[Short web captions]
--------

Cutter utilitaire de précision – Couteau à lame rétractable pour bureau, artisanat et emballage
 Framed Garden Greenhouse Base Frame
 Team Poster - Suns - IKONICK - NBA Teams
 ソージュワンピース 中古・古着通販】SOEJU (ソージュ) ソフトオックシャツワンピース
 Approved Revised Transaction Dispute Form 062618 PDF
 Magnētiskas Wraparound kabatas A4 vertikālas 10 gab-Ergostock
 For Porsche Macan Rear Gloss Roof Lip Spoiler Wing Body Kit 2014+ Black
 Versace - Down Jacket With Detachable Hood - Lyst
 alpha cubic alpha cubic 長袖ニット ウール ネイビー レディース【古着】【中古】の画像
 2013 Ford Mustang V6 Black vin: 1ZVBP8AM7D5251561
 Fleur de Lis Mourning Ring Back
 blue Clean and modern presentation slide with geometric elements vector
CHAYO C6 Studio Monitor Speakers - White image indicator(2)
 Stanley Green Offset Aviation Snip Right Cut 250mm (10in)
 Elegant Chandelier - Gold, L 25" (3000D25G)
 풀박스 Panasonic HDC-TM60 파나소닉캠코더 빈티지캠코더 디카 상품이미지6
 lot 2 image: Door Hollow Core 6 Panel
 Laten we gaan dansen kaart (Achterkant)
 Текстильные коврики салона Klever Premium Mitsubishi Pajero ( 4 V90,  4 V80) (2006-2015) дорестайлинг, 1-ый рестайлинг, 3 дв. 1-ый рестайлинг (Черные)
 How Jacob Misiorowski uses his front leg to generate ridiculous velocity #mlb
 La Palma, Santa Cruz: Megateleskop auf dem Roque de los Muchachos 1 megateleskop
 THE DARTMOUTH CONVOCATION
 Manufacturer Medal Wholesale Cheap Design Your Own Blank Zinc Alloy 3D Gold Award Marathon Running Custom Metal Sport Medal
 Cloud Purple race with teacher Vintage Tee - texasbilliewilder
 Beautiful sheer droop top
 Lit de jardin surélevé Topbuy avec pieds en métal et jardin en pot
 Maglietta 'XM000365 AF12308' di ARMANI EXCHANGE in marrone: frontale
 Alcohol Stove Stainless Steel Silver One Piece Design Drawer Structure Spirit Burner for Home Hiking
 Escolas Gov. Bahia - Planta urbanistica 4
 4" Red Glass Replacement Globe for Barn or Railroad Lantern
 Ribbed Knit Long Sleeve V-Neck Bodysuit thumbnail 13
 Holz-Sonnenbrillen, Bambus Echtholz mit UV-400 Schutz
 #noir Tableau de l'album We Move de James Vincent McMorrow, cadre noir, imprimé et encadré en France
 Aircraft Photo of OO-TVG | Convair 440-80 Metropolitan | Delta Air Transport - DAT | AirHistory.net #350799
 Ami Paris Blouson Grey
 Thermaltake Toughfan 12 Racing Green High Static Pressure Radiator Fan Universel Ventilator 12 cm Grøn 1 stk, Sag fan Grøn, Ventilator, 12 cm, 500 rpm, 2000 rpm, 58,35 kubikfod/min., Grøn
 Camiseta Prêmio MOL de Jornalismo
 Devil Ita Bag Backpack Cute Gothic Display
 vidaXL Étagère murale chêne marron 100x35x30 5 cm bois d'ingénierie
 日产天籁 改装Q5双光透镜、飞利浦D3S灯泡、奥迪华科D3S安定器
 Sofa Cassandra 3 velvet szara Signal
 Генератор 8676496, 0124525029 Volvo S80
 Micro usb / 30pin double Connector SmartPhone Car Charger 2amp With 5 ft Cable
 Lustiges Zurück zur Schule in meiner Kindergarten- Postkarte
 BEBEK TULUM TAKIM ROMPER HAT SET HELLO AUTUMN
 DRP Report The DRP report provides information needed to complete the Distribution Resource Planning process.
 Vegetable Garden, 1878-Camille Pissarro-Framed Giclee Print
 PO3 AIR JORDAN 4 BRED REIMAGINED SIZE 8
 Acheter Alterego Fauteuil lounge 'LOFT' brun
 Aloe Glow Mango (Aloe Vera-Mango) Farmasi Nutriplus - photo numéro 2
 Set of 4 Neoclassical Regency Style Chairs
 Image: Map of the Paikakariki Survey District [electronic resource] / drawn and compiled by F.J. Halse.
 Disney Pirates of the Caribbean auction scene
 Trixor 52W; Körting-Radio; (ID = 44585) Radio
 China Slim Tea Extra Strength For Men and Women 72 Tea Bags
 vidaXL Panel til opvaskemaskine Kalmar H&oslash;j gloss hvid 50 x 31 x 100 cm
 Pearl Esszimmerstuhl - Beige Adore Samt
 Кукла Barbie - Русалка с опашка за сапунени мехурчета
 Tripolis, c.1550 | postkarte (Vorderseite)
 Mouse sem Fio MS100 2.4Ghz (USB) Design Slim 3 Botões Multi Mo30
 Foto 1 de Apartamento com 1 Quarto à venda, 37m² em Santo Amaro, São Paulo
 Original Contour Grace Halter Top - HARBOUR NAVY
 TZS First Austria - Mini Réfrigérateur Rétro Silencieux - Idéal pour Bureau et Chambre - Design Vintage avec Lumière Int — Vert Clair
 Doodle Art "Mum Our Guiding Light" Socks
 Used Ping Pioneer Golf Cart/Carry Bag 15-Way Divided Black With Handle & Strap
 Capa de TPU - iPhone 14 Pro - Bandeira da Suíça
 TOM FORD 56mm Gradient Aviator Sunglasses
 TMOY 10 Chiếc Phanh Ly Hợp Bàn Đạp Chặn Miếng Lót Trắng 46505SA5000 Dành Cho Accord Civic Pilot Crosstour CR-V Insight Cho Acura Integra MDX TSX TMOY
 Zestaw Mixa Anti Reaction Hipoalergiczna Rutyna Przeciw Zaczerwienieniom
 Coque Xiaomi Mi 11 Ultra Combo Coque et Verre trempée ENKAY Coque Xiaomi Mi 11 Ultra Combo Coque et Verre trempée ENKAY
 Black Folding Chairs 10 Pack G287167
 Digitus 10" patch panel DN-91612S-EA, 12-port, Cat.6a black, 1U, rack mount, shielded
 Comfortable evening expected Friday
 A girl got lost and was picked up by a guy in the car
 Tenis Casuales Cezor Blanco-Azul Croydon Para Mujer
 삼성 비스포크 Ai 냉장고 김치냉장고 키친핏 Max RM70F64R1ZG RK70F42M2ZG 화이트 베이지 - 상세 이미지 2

--------

#### EXERCISE OBJECTIVE
Give back, word for word, only the lines above from the line holding "Original Contour Grace" to the line holding "TOM FORD 56mm Gradient Aviator Sunglasses", both included.

#### WRITTEN RESPONSE
 Original Contour Grace Halter Top - HARBOUR NAVY
 TZS First Austria - Mini Réfrigérateur Rétro Silencieux - Idéal pour Bureau et Chambre - Design Vintage avec Lumière Int — Vert Clair
 Doodle Art "Mum Our Guiding Light" Socks
 Used Ping Pioneer Golf Cart/Carry Bag 15-Way Divided Black With Handle & Strap
 Capa de TPU - iPhone 14 Pro - Bandeira da Suíça
 TOM FORD 56mm Gradient Aviator Sunglasses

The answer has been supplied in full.